Better safeguard against incompatible builtin handles between dialects #15961

clonker · 2025-03-20T12:12:26Z

Inspired from the remarks by @cameel in #15952 (comment), I have refactored EVMDialect a bit so that there is a class for generating the builtin vector that will automatically insert blanks if conditions aren't met and not give direct access to the underlying raw datastructure.
Also, I have added a unit test which takes the default dialect (without EOF) as well as the latest dialect with EOF and tests whether the populated builtin functions with their handles contained in the respective dialects are preserved when compared to all other dialects with and without object access.

cameel

Looks like a step in a good direction, but if we're refactoring these builtins, there's a way to do it in a way that will more completely eliminate the possibility of introducing these kinds of mistakes. We should simply separate they declarations with the logic that defines them. See comments below for details.
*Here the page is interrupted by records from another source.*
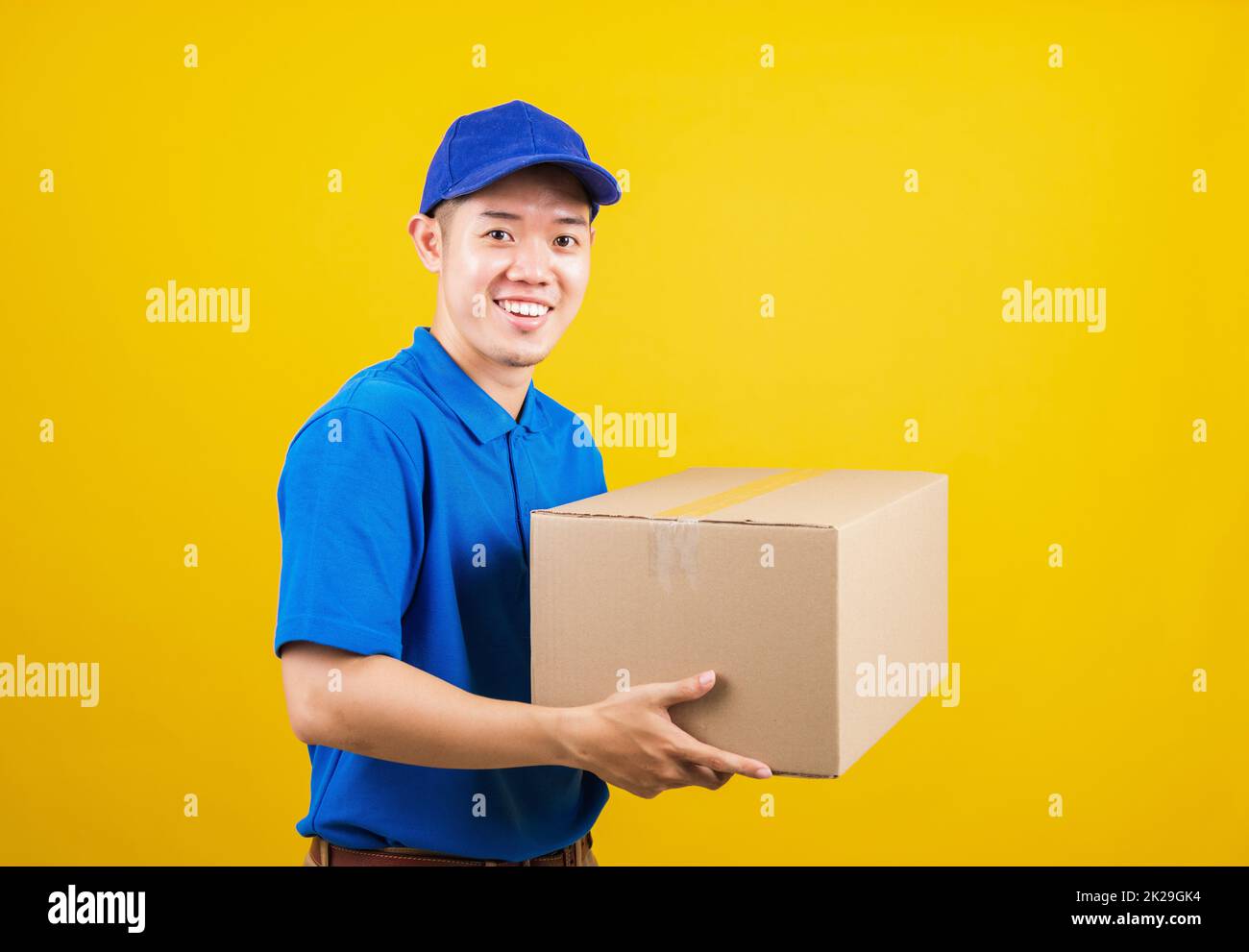 Lieferung glücklicher Mann logistisch stehend lächelt er trägt ein blaues T-Shirt und eine Kappe Uniform Paketkiste Stockfoto
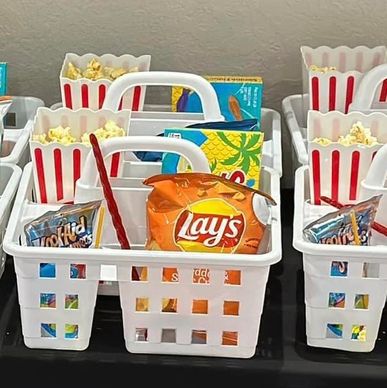 Snack baskets with popcorn, chips, and drinks.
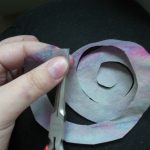 Закрепляется цветок горячим клеевым пистолетом, покрывая поверхность слоем клея с обратной стороны.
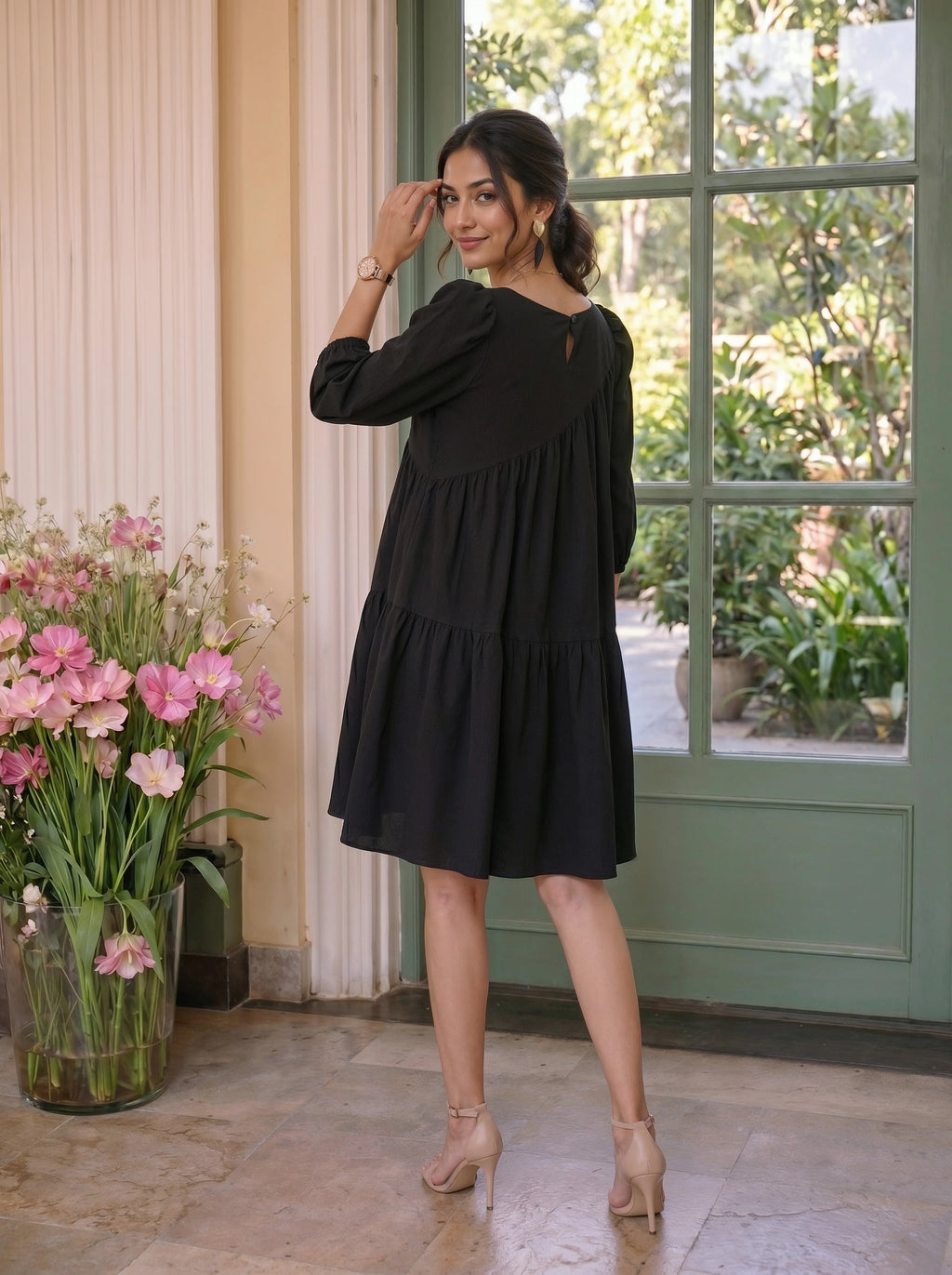 Woman in a black dress standing in a room with flowers and a green door.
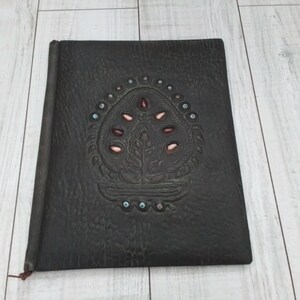 May include: A dark brown leather-bound journal with a decorative embossed design of a tree with pink and red beads on the front cover.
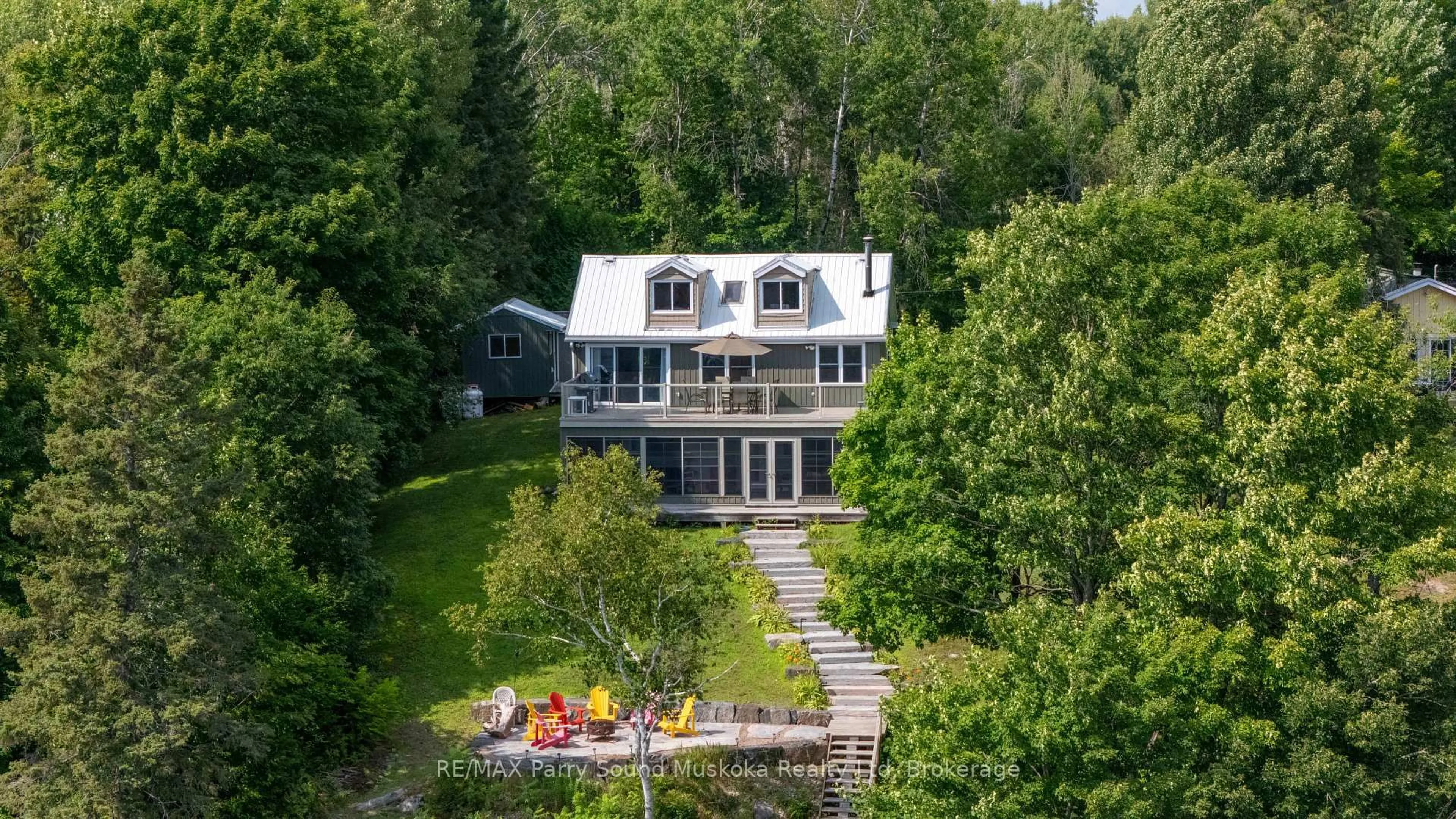 A pic from outside/outdoor area/front of a property/back of a property/a pic from drone, water/lake/river/ocean view for 16 Golden Horseshoe Lane, Whitestone Ontario P0G 1G0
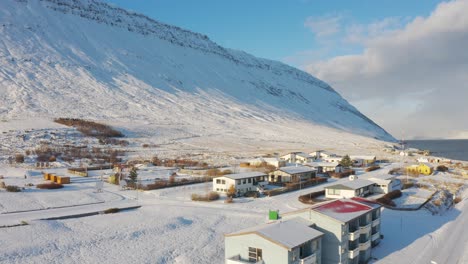 aerial follow back over small snowy winter village at bottom of snow covered mountain hill in westfjords in iceland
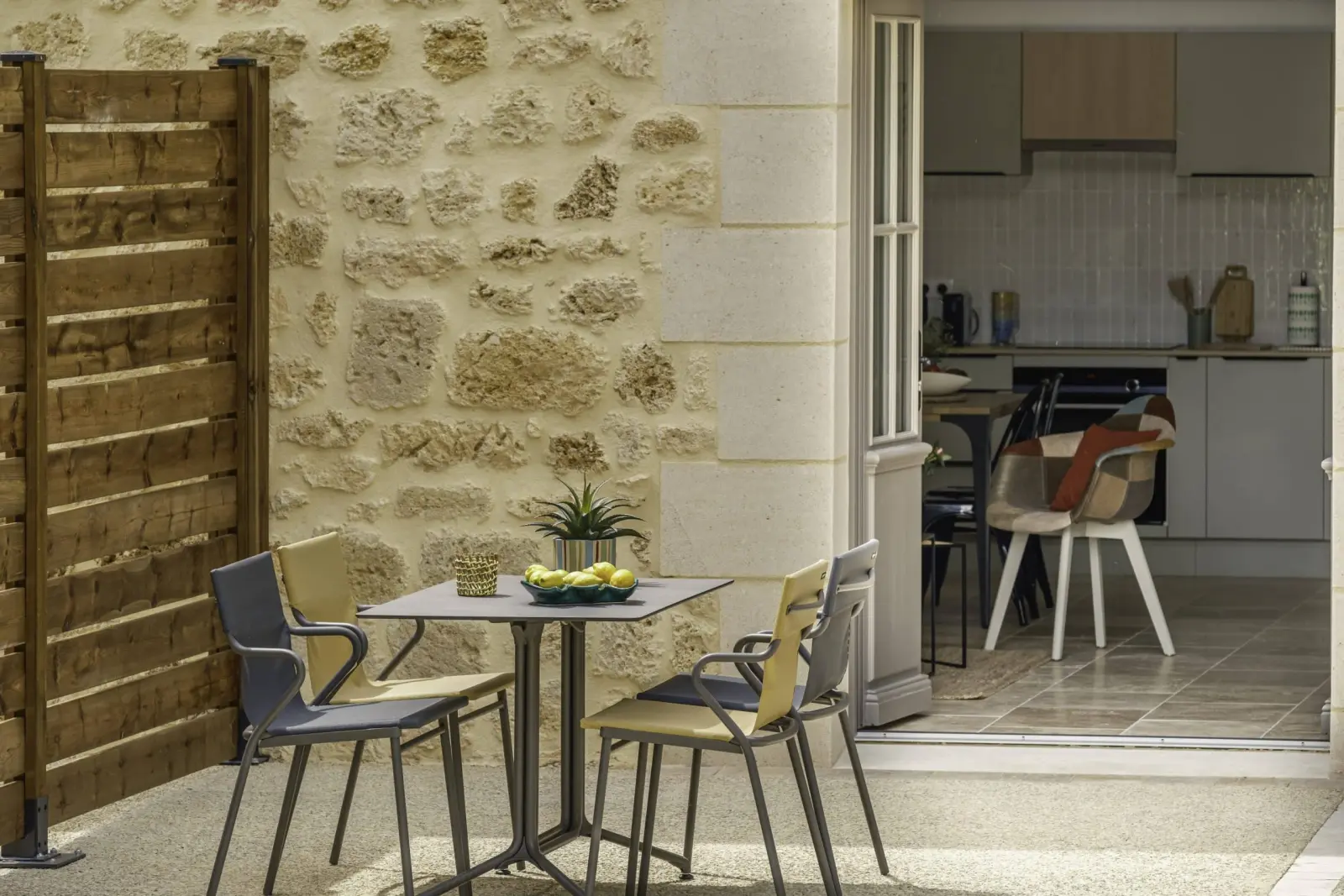 Terrace of the Clos Marcamps duplex, table and chairs by a stone wall, door open onto the kitchen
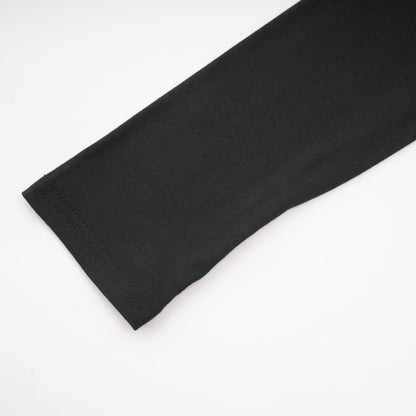 A black ruched top with long sleeves made of stretchy jersey fabric named Odette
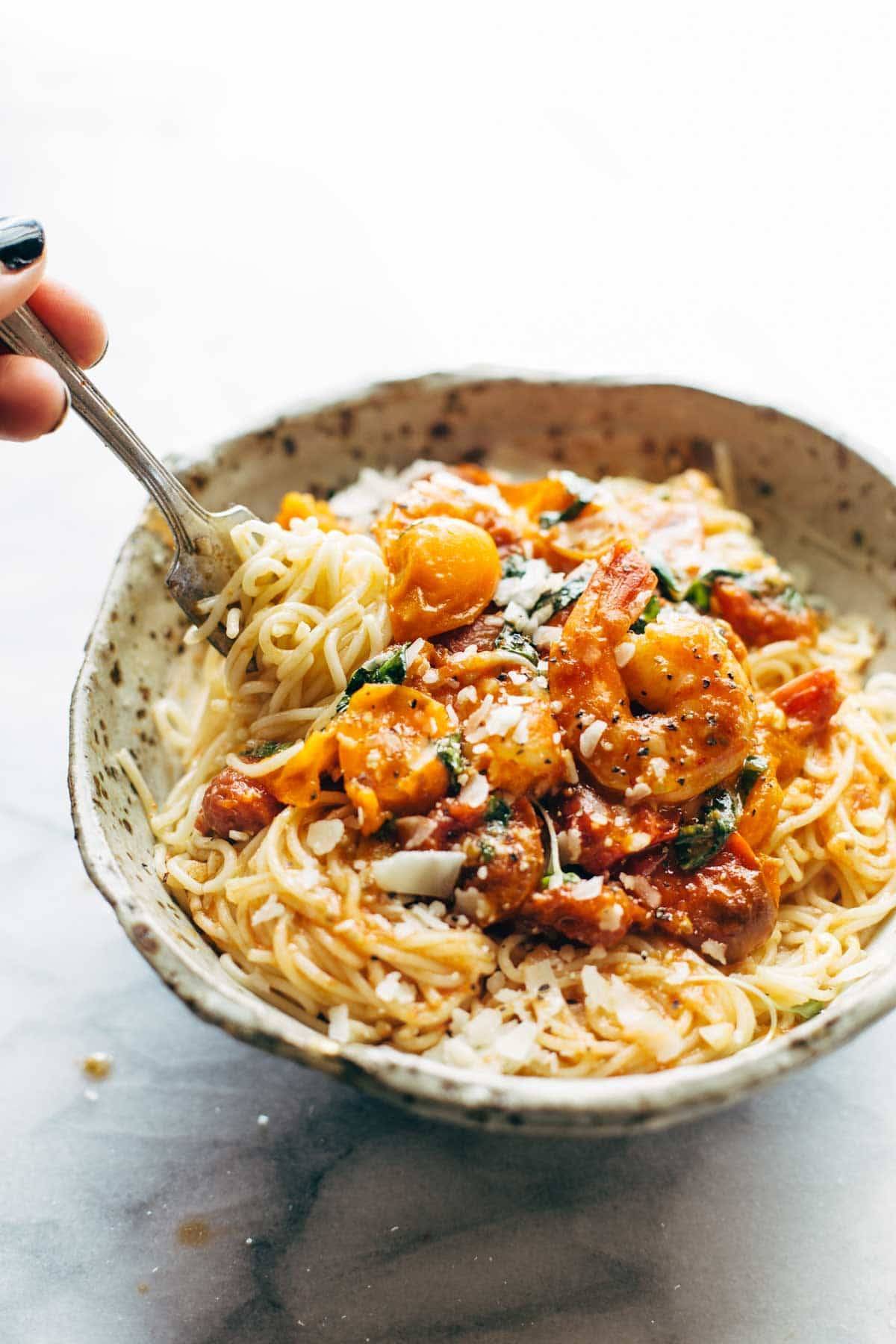 Capellini pomodoro with shrimp in a bowl with a fork.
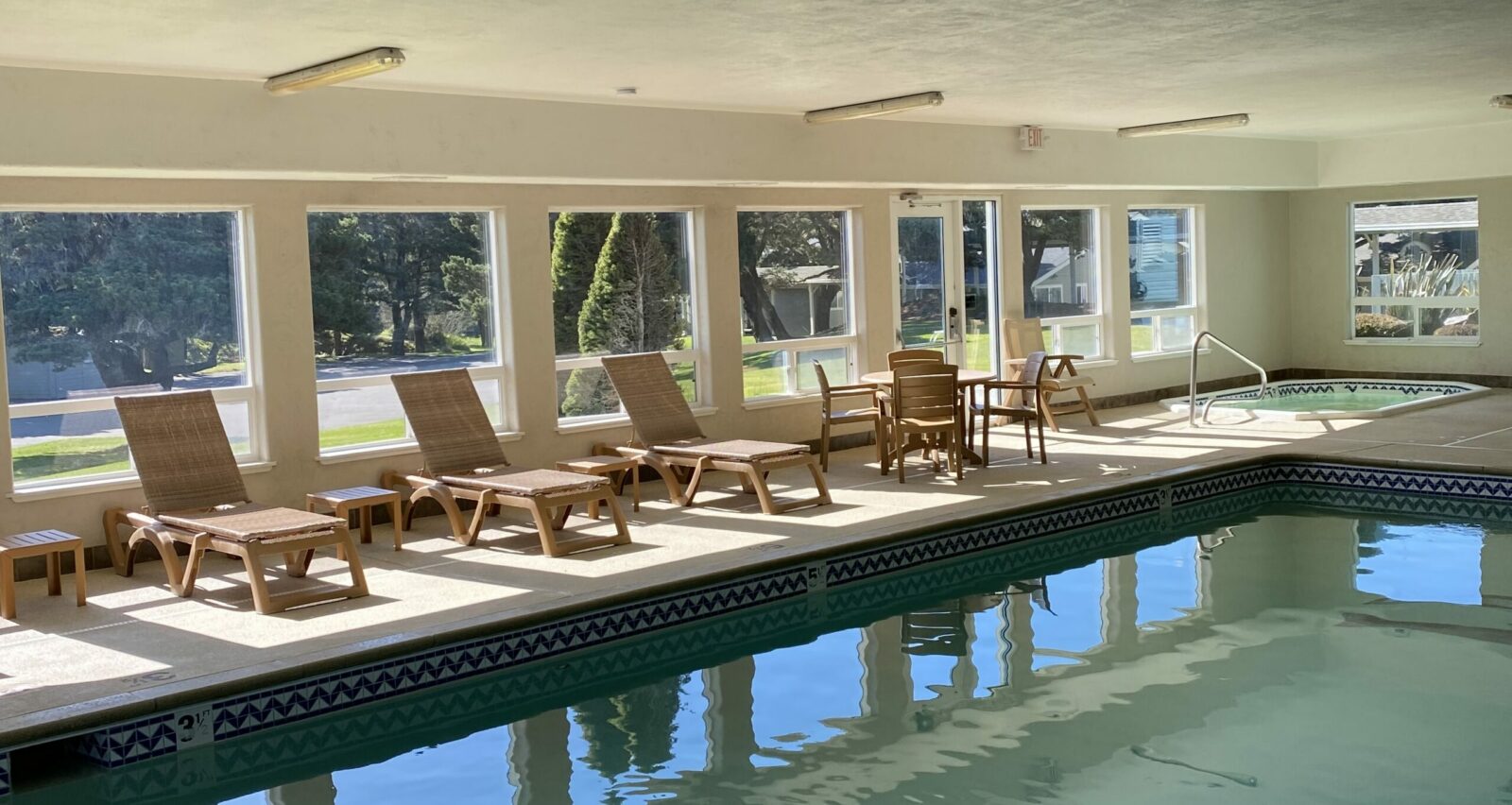 The indoor pool and hot tub with lounge chairs at one of the best places to stay on the Oregon Coast.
cameel · 2025-03-20T20:22:59Z

libyul/backends/evm/EVMDialect.cpp

 	if (!_eofVersion.has_value())
 	{
-		builtins.emplace_back(createIfObjectAccess("datasize", 1, 1, SideEffects{}, ControlFlowSideEffects{}, {LiteralKind::String}, [](
+		builtins.addIfObjectAccess(_objectAccess, "datasize", 1, 1, SideEffects{}, ControlFlowSideEffects{}, {LiteralKind::String}, [](
 			FunctionCall const& _call,


The fact that now some conditions are handled here and some in Builtins still bothers me a bit. I think it would be best if we made the whole thing more declarative. I.e. have one place that declares the builtins along with their scopes (i.e. EVM/EOF version range and state of object access). Then have another place that loops over all builtins that decides whether to actually define them based on their scopes.

The definition loop would then be the single place that decides whether the opcode should be skipped and whether to leave an empty spot in m_functions.

This would be a more comprehensive solution for the problem, because we would no longer touch that definition loop when adding new opcodes. We would only touch declarations and scopes without the risk of accidentally breaking the logic.

BTW, not sure "scope" is the best way to call it, but I could not think of anything better so far. Could be just "conditions", but that sounds very non-specific.

After thinking about it for a while, I think I do like Scope!

cameel · 2025-03-20T21:11:14Z

libyul/backends/evm/EVMDialect.cpp

+			!(_opcode >= evmasm::Instruction::DUP1 && _opcode <= evmasm::Instruction::DUP16) &&
+			!(_opcode >= evmasm::Instruction::SWAP1 && _opcode <= evmasm::Instruction::SWAP16) &&
+			!isPushInstruction(_opcode) &&
+			_opcode != evmasm::Instruction::JUMP &&
+			_opcode != evmasm::Instruction::JUMPI &&
+			_opcode != evmasm::Instruction::JUMPDEST &&
+			_opcode != evmasm::Instruction::DATALOADN &&
+			_opcode != evmasm::Instruction::EOFCREATE &&
+			_opcode != evmasm::Instruction::RETURNCONTRACT &&
+			_opcode != evmasm::Instruction::RJUMP &&
+			_opcode != evmasm::Instruction::RJUMPI &&
+			_opcode != evmasm::Instruction::CALLF &&
+			_opcode != evmasm::Instruction::JUMPF &&
+			_opcode != evmasm::Instruction::DUPN &&
+			_opcode != evmasm::Instruction::SWAPN &&
+			_opcode != evmasm::Instruction::RETF &&


For builtins based on opcodes, this part of the condition is the declarative part. I'd move it to a separate function that returns a boolean. Then when adding a new opcode we'd only really modify that function.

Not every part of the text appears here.